In their new village, they used false names, just in case. But they would be safe in this place. I sensed it, and felt good about something for the first time since I’d lost Duncan.

And yet those we hadn’t been able to save...how they haunted me. I knew their names, every one of them. Sarah Osborne. Bridget Bishop. Sarah Good and her tiny baby, whose name I never knew. Elizabeth How. Susannah Martin. Rebecca Nurse. Sarah Wildes. Martha Carrier. George Jacobs. John Proctor. John Willard. Ann Foster. Giles and Martha Corey. Mary Esty. Alice Parker. Mary Parker. Ann Pudeator. Wilmot Reed. Margaret Scott. Samuel Wardwell. Sarah Dastin. I knew not whether they had been of my own faith, nor did I care. They had been living, breathing sisters of the human race. My sisters. And brothers. And children. My dear mother’s face seemed to appear in my mind as I tried to imagine the faces of the women who’d died.

And Duncan’s face hovered in my mind’s eye when I thought of the Reverend George Burroughs, a minister who’d suffered the same fate as my beloved Duncan. Not being pitched from the cliffs, no. Reverend Burroughs was hanged. Choked to death by a rope, and I knew that feeling all too well. But just like Duncan, the man had died at the hands of his own flock. Had I been a Puritan in Salem then, I’d have renounced my faith out of sheer shame for what had been done in its name.
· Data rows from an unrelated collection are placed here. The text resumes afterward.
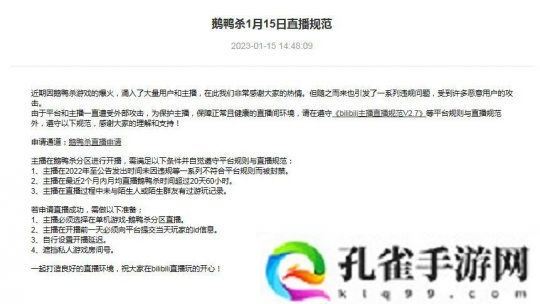 巅峰70w在线玩家 Steam爆款游戏回归 合作中国厂商出手游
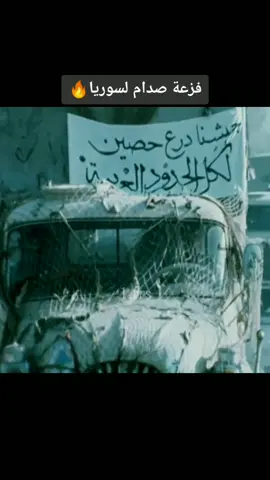 كان سند للعرب❤️#الحنفيرس #صدام_حسين #سوريا #العراق #السعودية #الأردن #اليمن #مصر #الحزب_الصدامي🔥 #فلسطين #explor #اكسبلور #foryou #fyp #شمر #ابو_عداي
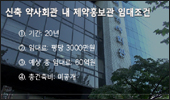 1억5천? 약사회 제약홍보관 임대 권고에 제약계 '반발'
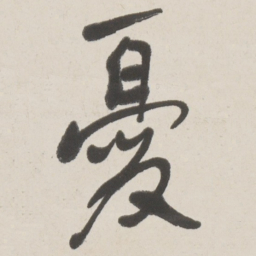 于右任憂书法图片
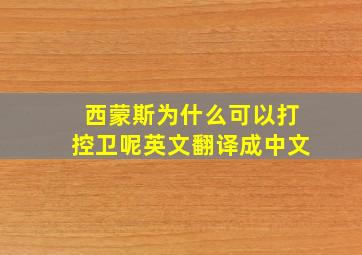 西蒙斯为什么可以打控卫呢英文翻译成中文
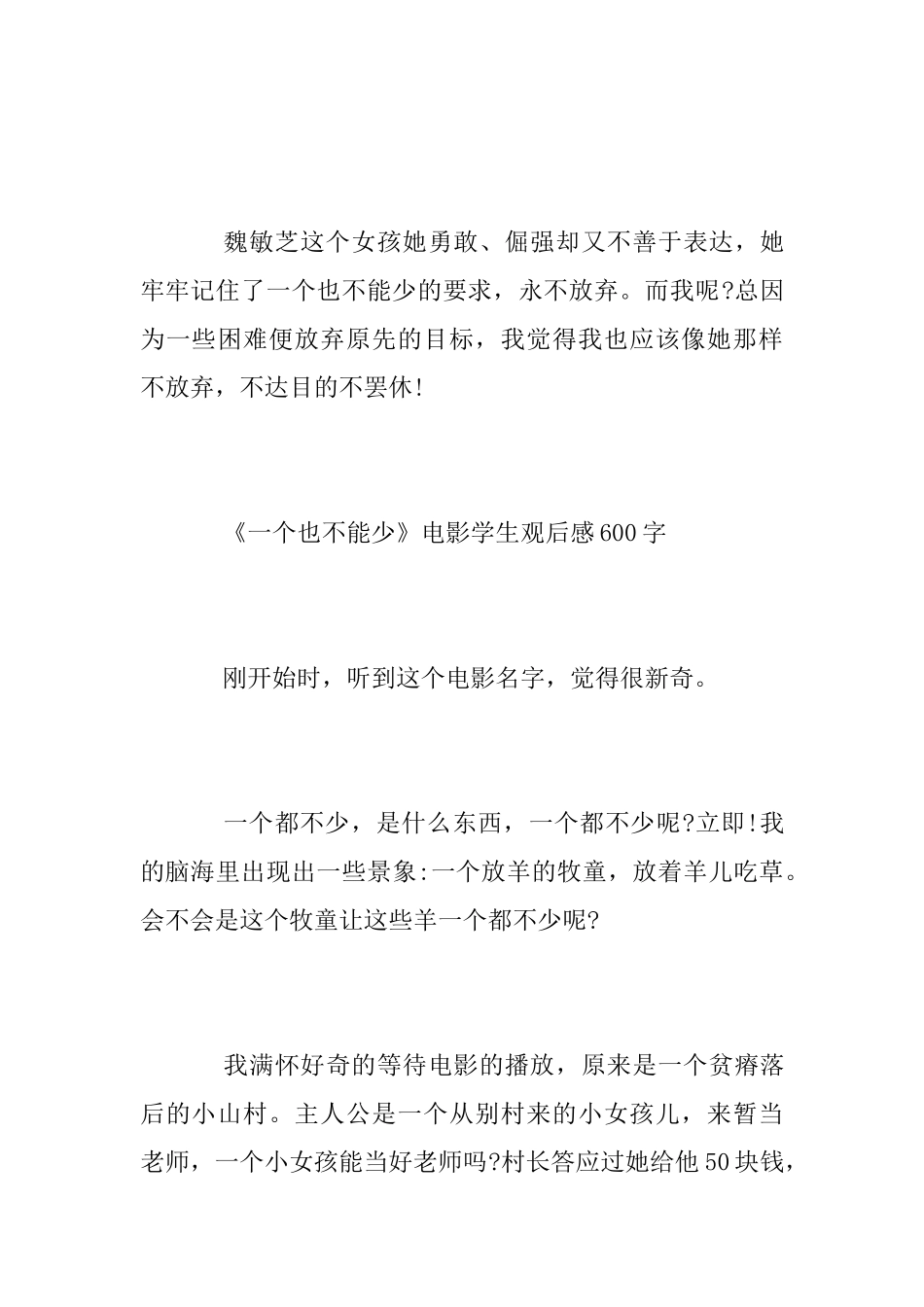 张艺谋《一个也不能少》电影五年级学生观后感600字_第3页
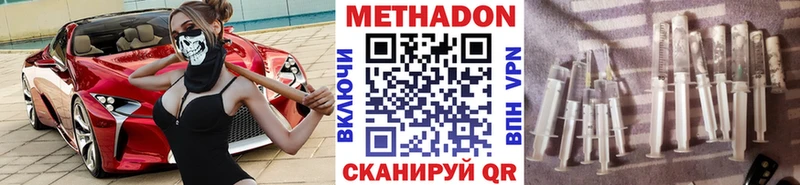 сколько стоит  Нерехта  МЕТАДОН VHQ 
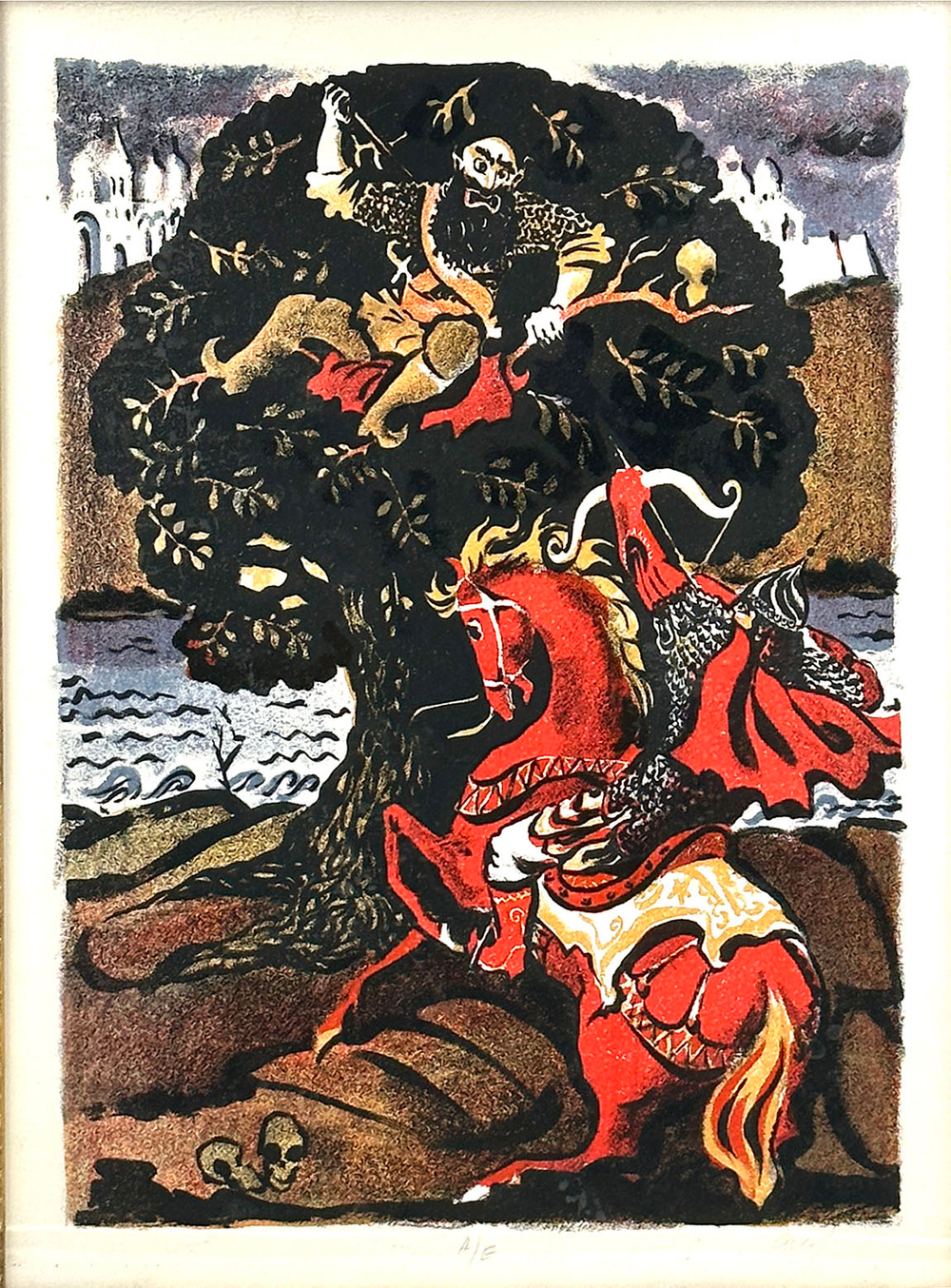 Сперанская Е.С. (1946-2009) Соловей-разбойник. Хромавтолитография. СССР. 1980 г.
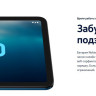 Планшет Nokia T20 TA-1397 4GB/64GB LTE (синий)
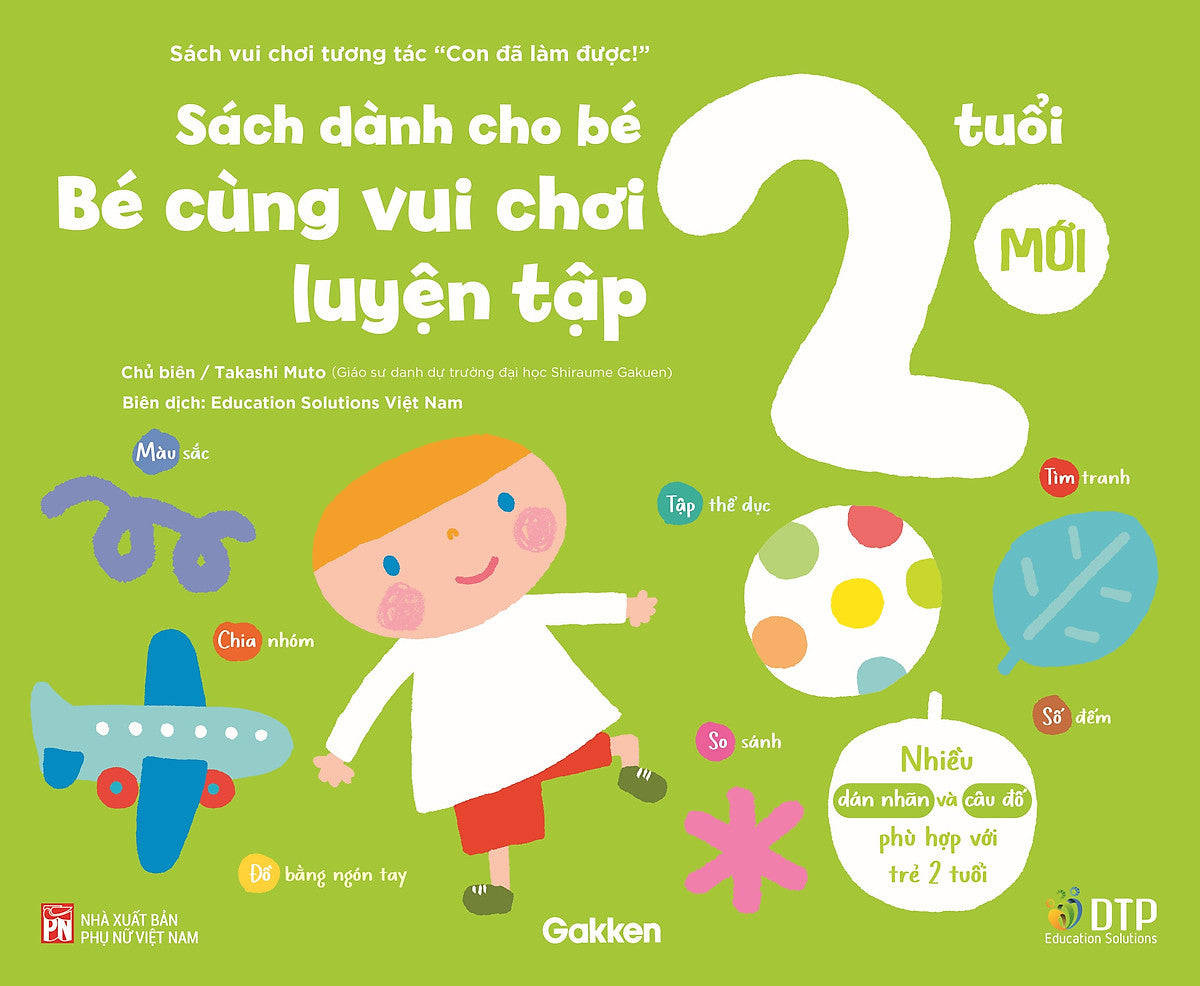 Sách - Dtpbooks - Sách Dành Cho Bé 2 Tuổi - Bé Cùng Vui Chơi Luyện Tập - Sách Vui Chơi Tương Tác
I wept for all of them nightly for a long, long time after that. Sometimes, when it’s quiet and I’m alone, I still do. I cry for them. I cry for Duncan. I cry for myself, having lost him.
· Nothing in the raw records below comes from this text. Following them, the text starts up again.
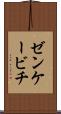 ゼンケービチ Scroll
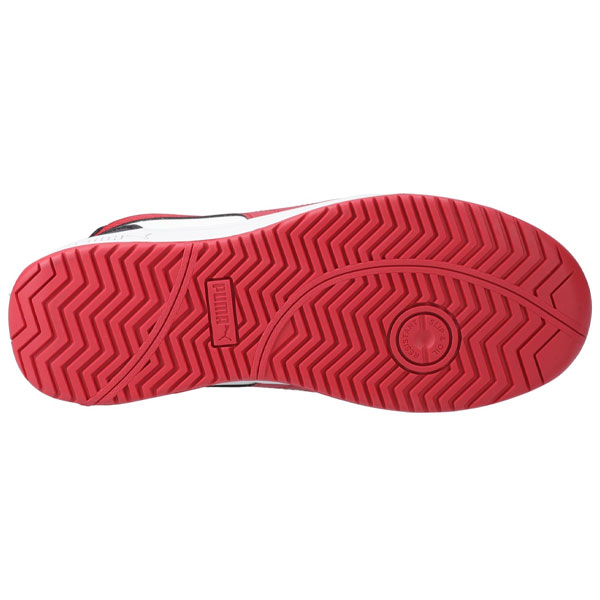Frontcourt Low Athletic-Style Trainer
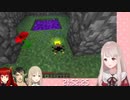 エルフのえるを殴った件をホタルのせいにするチャイカ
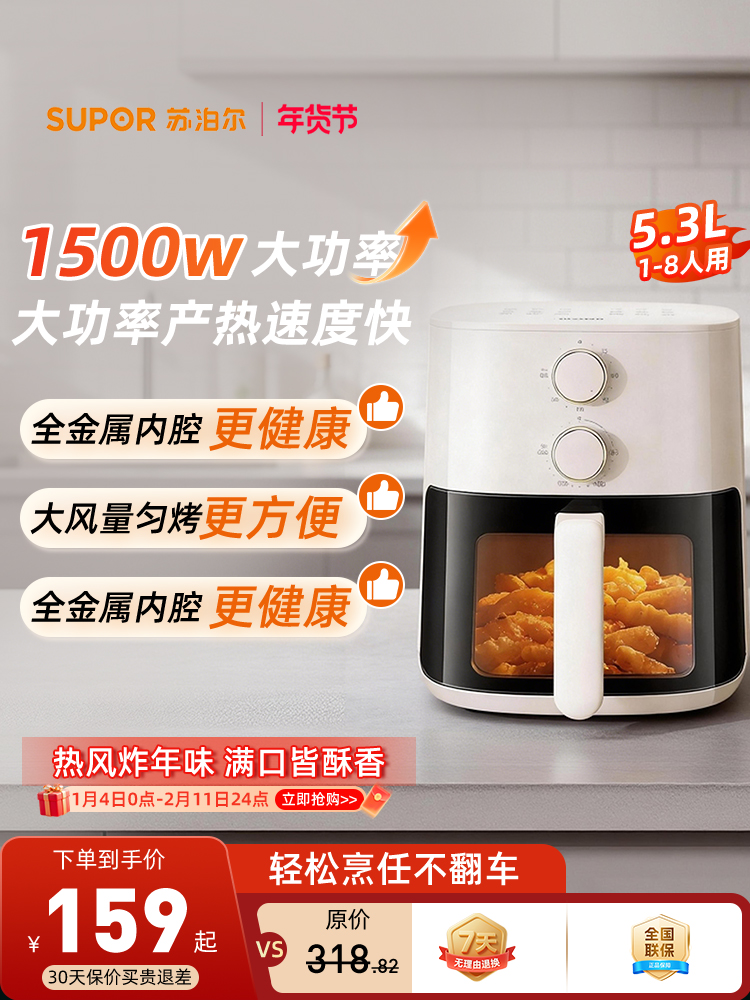 空气炸锅主图 01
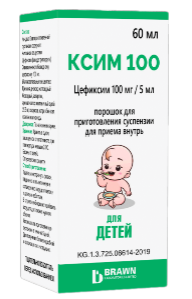 Ксим 100 мг/5 мл 60 мл сусп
And my grief, it seems, is as immortal as my body, for it lives on still. Every bit as powerful, every bit as painful, as it was before, though three full centuries have come and gone.

PART TWO

Chapter 12

300 Years Later

Three hundred years later, on the anniversary of Duncan’s death, I stood on the cliffs of Sanctuary, facing the sea. There was a lighthouse standing offshore now. It reached skyward from the tiny, lonely island where before there had been only seabirds and the occasional treasure hunter. Built a century ago, it had been used for a time, and then forgotten. Then it had been abandoned for the better part of five decades, its rounded glass looking like a lifeless, sightless eye. A sad reminder of the way time moved on all around me. The way the world grew and changed and evolved.

I did not.

There had been movement at the lighthouse a month or so ago. For a moment I’d felt an absurd hope spring up in my heart, a foolish joy the place seemed to be about to come back to life.

But it had not.

I was in limbo, living, but incomplete, waiting, always waiting for the return of my soul mate. My lover. I’d been many places in the endless years of my life. But wherever I roamed, I had but one purpose—to search for him. I scanned every sea of strange faces in search of the one I hoped to see.

In three hundred years that search had left me with nothing but disappointment.

I stood with my feet apart, arms spread wide, head tilted back. The sea wind whipped my hair behind me, and a soft glow painted my face as the full moon rose over the ocean. I knew, had always known, of the power in the moon. A physical tug, a pull. The waves felt it; the tides changed because of it. Animals felt it. Coyotes and wolves bayed in response. Lunatics felt it, stirring the sickness in their minds.

Witches felt it.

The surge of power within growing stronger and peaking with the moon. At the full moon I felt I could do anything. I was invulnerable, invincible, and as powerful as the Goddess herself. And I had only one focus for the immense power the full moon gave to me.

Duncan.

But something was different tonight. Perhaps it was only the endless longing in my heart—heaven knew it had been often enough before—but I felt more hopeful than usual. I felt as if...as if perhaps he were near.

And yet I couldn’t trust my own feelings where Duncan was concerned, for “wishful thinking” was real and powerful and sometimes too potent to distinguish from true intuition.